Natural green Alpine pastures, pure spring waters and a commitment to organic farming are the fundamental ingredients that flavour the distinctive tastes of Austrian cuisine.
Food in Austria is a more wholesome affair compared to the delicate and refined fares of France or Italy. But don’t mistake its simplicity as falling short in culinary creativity. Dishes are rooted heavily in tradition, regional produce and strong influences from historical ties to neighbouring countries.
When people think of food in Austria, the humble wiener schnitzel usually nabs the top spot. Officially, to claim a dish as ‘Weiner Schnitzel’ the tenderised meat under the crumbed jacket has to be veal. The actual process of bashing out meat into a thin fillet, coating in breadcrumbs and frying is the ‘schnitzel’ part. This means you’ll see all kinds of variations on the menu, like chicken, turkey and pork. For purists, enjoy your choice of schnitzel with a potato salad and cranberry jam, but tucking into a classic side of chips with ketchup is just as satisfying.

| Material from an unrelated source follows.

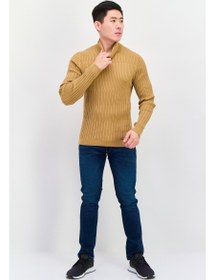 تصویر سویشرت مردانه یقه گرد با طرح راه‌راه، رنگ قهوه‌ای روشن برند hugo boss Men Turtle Neck Ribbed Sweatshirt, Tan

Tiroler gröstl is a staunch favourite to come out of the Austrian mountains in the western region of the Tyrol. It’s a mishmash of fried pork, potato, onions and herbs, topped with a sunny-side-up egg. Originally this meal was a great way to use up leftovers from dinner the night before. Nowadays Tiroler gröstl has become a popular belly-filler after a hard day’s hike.
The knödel is an incredibly versatile German and Austrian speciality. Essentially a boiled dumpling, it can be a vehicle for meats, cheeses, soups, vegetables and sweet fillings. Options could be spinach dumplings bathing in a rich sauce, a side of potato dumplings with your main meal, meat dumplings in a clear soupy broth or fruit dumplings drizzled with honey and cream.
Tuck into one of the most comforting meals found across the Alps in Austria. Käsespätzle is a little like mac ‘n’ cheese – think egg noodles crossed with dumplings stirred into a creamy cheese sauce, and then plated up with a cap of crispy onions.
With beginnings in neighbouring Hungary, goulash is a stew of meat, loads of onions, heavy on the peppers and liberally seasoned with paprika plus other warming spices. Sometimes it comes with a bread roll or a few slices of rye. This meal is excellent for grey-days or when you fancy a lighter-bite.
For a hungry person’s dessert, kaiserschmarrn is guaranteed to put you in happy food-trance. It consists of thick fluffy ribbons of chopped-up pancake, dollops of tangy fruit compote finished with flurries of icing sugar. Kaiserschmarrn is brought to the table typically in a sharing skillet and the potential to pop off a couple of trouser buttons.
Like schnitzel, apfelstrudel another gastro megastar that Austria’s famous for. Gold, flaky sheets of folded filo pastry swaddle a stewed apple middle and in some places the mix is studded with raisins. Apfelstrudel is classically dusted in icing sugar and generous glug of vanilla sauce. If you’re feeling brave and can physically handle it, go for the combined holy trinity of vanilla sauce, whipped cream and ice cream.
A slice of sachertorte is made up of a dense chocolate torte with a thin layer of apricot jam, coated in a further lick of chocolate. Compared to the rustic charms of a strudel or kaiserschmarr’n, the sachertorte is at the sophisticated end of the Austrian sweet-scale. This treat is best accompanied by a hot cup of freshly brewed coffee.
Schnapps is fundamentally a brandy drink that’s 100% distilled from fruits like apples, cherries, apricots and pears. It can basically be made out of anything with natural sugars, so shots of the stuff can be bought in all kinds of flavours. Prost!
For those wanting to sip on something softer, the ‘national drink of Austria’ Almdudler is only second to Coca-Cola in popularity. Originally a bottle of carbonated pop made from herbal extracts, varieties today include sugar-free, still and g’spritzt which is a blend with fizzy mineral water.